How to use TraceGroomer in the command line

The execution of TraceGroomer takes only few seconds. Below we explain how to proceed.

Please prepare your files as explained the section 2 Input files.

Once your input files are ready, you must organize them in the following folder structure:

MyProject
├── data
│   ├── dataset1_data
│   │   ├── metadata_1.csv  # <- experimental setup information
│   │   └── TRACER_IsoCor_out_example.tsv   # <- the quantification(s) file (one single file)
└── groom_files
    └── dataset1
          ├── config-1-groom.yml  # <- the basic configuration in .yml
          └── ...   #  <-  optional additional files for normalisation, etc

This structure is recommended to easily re-use the data folder for DIMet.

The basic command is:

python3 -m tracegroomer -lm $MY_MEASUREMENTS_FILE_PATH -tf $MY_TYPE_OF_INPUT -cf $MY_BASIC_YML_CONFIG_PATH

Command compulsory parameters:

  • -lm: is the file that contains the_labeled metabolomics_ measurements, in absolute path.
  • -tf: must be one of: IsoCor_out_tsv, rule_tsv , VIBMEC_xlsx, or generic_xlsx
  • -cf is the path to the basic configuration .yml file (its content is explained in 2 Input files).

We recommend to run a test with the provided examples if this is the first time you use TraceGroomer. Re-use the folder organization and the configuration .yml as template, and modify the command to be suitable to your data. See the section below.

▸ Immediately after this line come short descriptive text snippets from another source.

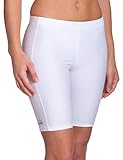 iQ-UV Damen Shorts Weiß XXL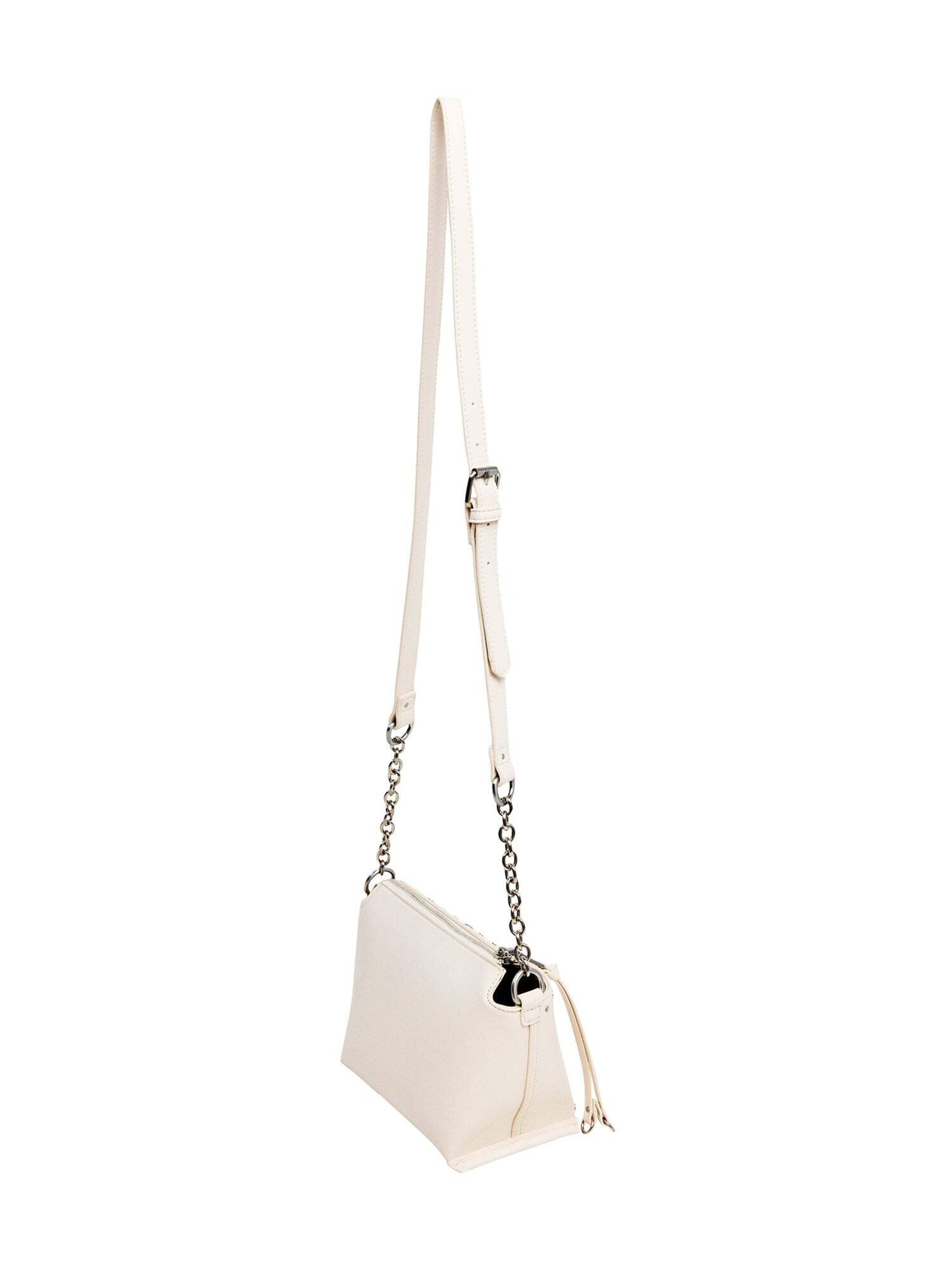 Sac bandoulière '' EDILIA SPRING '' Pepe Jeans en beige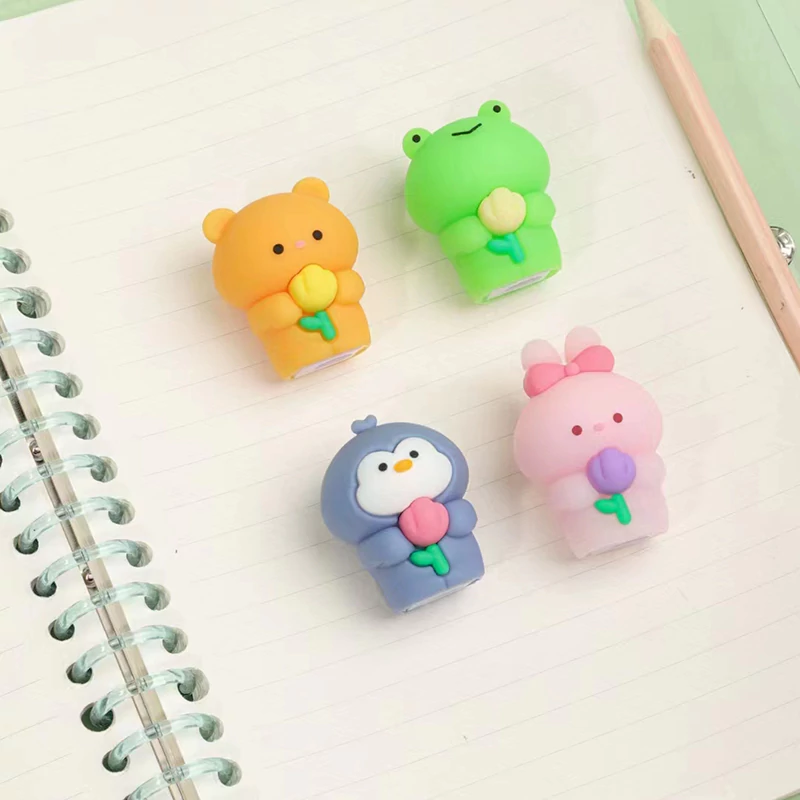 Pet Family Pencil Sharpener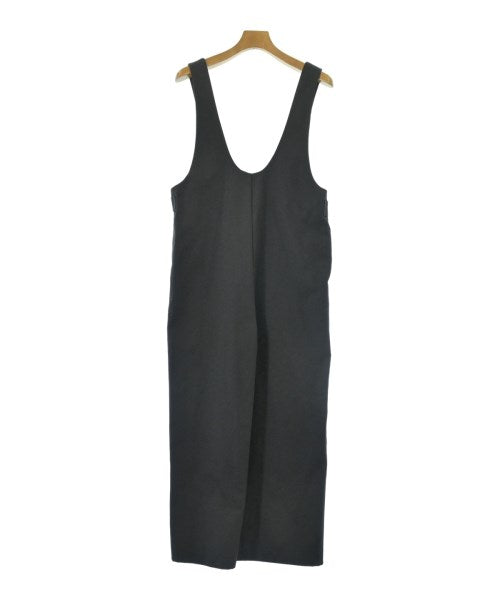 MACHATT ชุดเอี๊ยม/เสื้อคลุมหลวมๆ/จั๊มสูท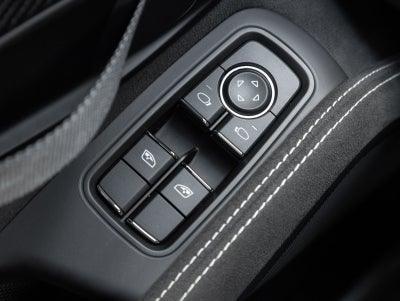 2024 Porsche 718 718 Spyder RS (MY24)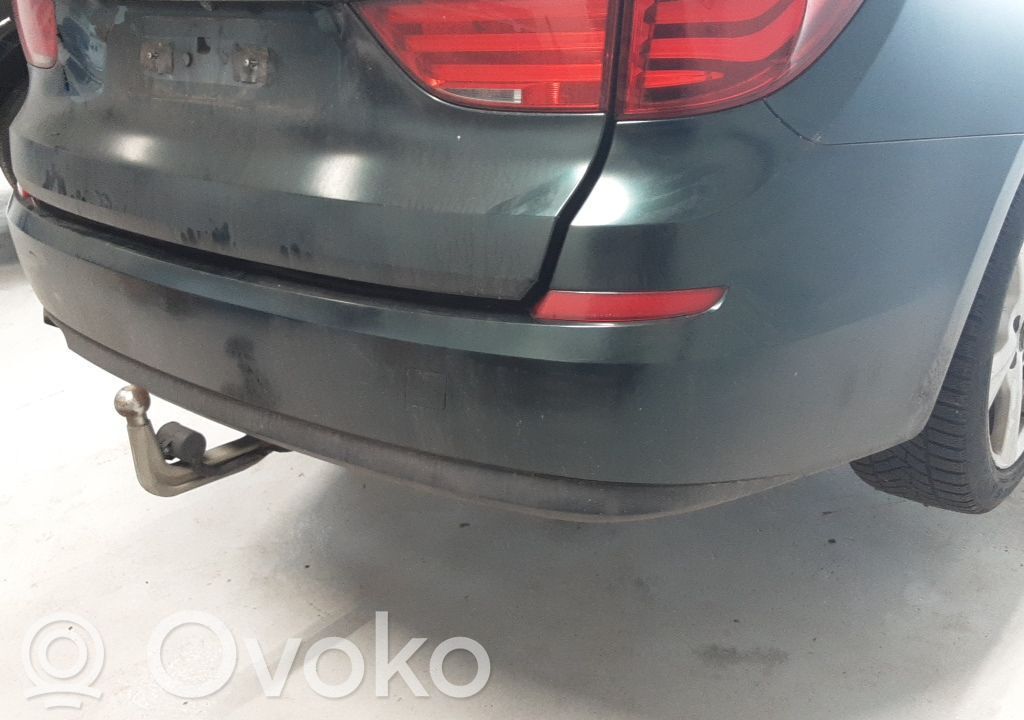 BMW 5 GT F07 Parachoques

Running a test with the provided examples

To perform a test using the examples we provide, please download and uncompress our examples from Zenodo. The structure of the folder is:

examples_TraceGroomer
├── data
│   ├── example-isocor_data
│   │   ├── metadata_1.csv
│   │   └── TRACER_IsoCor_out_example.tsv
│   ├── example-ruletsv_data
│   │   ├── sampleMetadata_2.tsv
│   │   ├── TRACER_dataMatrix.tsv
│   │   └── variableMetadata.tsv
│   ├── example-sheet_data
│   │   ├── metadata_3.csv
│   │   └── TRACER_generic_sheet.xlsx
│   └── example-vib_data
│       ├── metadata_4.csv
│       └── TRACER_metabo_4.xlsx
└── groom_files
    ├── example-isocor
    │   ├── amount_material_weightorcells.csv
    │   └── config-1-groom.yml
    ├── example-ruletsv
    │   ├── amount_material_weightorcells.csv
    │   └── config-2-groom.yml
    ├── example-sheet
    │   └── config-3-groom.yml
    └── example-vib
        ├── config-4-groom.yml
        ├── nbcells-or-amountOfMaterial.csv
        └── reject_list.csv


These examples correspond to:

  1. example-isocor_data: IsoCor generated .tsv file
  2. example-ruletsv_data: set of .tsv files following the rule that the dataMatrix file is always accompanied by a variableMetadata file
  3. example-sheet_data: "generic" type of xlsx file
  4. example-vib_data: VIB MEC xlsx file

Run the script with the provided examples

The following commands assume that the downloaded examples are in the 'home' directory. Please modify, according to your working directory, the absolute paths in the .yml files and in the bash commands.

  • For IsoCor data:
python3 -m tracegroomer \
  -lm ~/examples_TraceGroomer/data/example-isocor_data/TRACER_IsoCor_out_example.tsv \
  -tf IsoCor_out_tsv \
  -cf ~/examples_TraceGroomer/groom_files/example-isocor/config-1-groom.yml
  • or, for the "rule" case:
python -m tracegroomer \
  -lm ~/examples_TraceGroomer/data/example-ruletsv_data/TRACER_dataMatrix.tsv \
  -tf rule_tsv \
  -cf ~/examples_TraceGroomer/groom_files/example-ruletsv/config-2-groom.yml
  • or, for the generic xlsx case:
python3 -m tracegroomer \
  -lm ~/examples_TraceGroomer/data/example-sheet_data/TRACER_generic_sheet.xlsx \
  -tf generic_xlsx \
  -cf ~/examples_TraceGroomer/groom_files/example-sheet/config-3-groom.yml
  • or, for VIB MEC data:
python3 -m tracegroomer \
  -lm ~/examples_TraceGroomer/data/example-vib_data/TRACER_metabo_4.xlsx \
  -tf VIBMEC_xlsx \
  -cf ~/examples_TraceGroomer/groom_files/example-vib/config-4-groom.yml

The output

The output files are saved in the folder that you specified in the config .yml file (groom_out_path field). The data/[my_dataset] location is recommended for saving the output. A total of 4 output files are generated if the absolute isotopologues are provided, otherwise 3 files are generated.

These output data/ files are rapidly generated so you can give them as input to DIMet in seconds !

The format of these output files is tab-delimited .csv.